Clinical Psychology

Clinical Psychology

The Clinical Psychology research group investigates a range of topics relevant to the practice of clinical psychology. For a wide range of psychological problems across the life-span, we investigate (a) epidemiology, (b) risk and protective factors, (c) assessment procedures, (d) treatment and prevention programmes.
We have investigated many mental health conditions including conduct disorders, ADHD, mood disorder, anxiety disorders, eating disorders, psychosis, personality disorders, and self-harm. We have also investigated psychological adjustment associated with child abuse, trauma, parental separation, and physical illnesses including childhood metabolic disorders, cancer, heart disease and neurological conditions.

Our group works in collaboration with colleagues in the HSE and major Dublin teaching hospitals.
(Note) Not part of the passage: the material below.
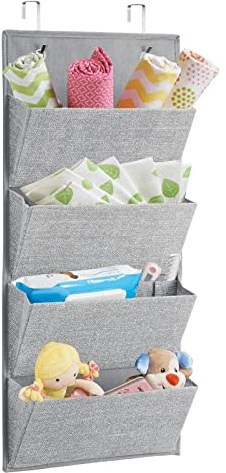 mDesign Schrank - Organizer aus Stoff zur Wandmontage oder Hängen über die Tür für Handtaschen, Spielzeug, Baby-/Kinderkleidung - 4 Taschen, Grau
Many of the postgraduates on the doctoral programme in clinical psychology have their thesis research supervised by members of this research group.

Our clinical work on technological interventions

Improving the delivery of mental health intervention through technology is an important challenge in an increasingly electronically connected world. Part of our research is aimed at exploring the most effective ways to do this. For example in the paper by Twomey, O’ Reilly, & Byrne (2013) we reviewed the ever increasing number of on-line interventions available for the main mental health difficulties experienced by adults in order to recommend those that have a solid evidence base for use in the Irish health care system. We then went on to select a leading freely available on-line Cognitive Behaviour Therapy programme and evaluated it in a randomised control trial exploring its effectiveness as a helpful intervention for people experiencing anxiety and depression on the waiting-list for adult mental health services in the Irish public health care system (Twomey et al., 2014). We found that people using the on-line programme while waiting for services benefitted from doing so but further design of these systems requires us to address the large numbers who dropped out from their use despite their usefulness.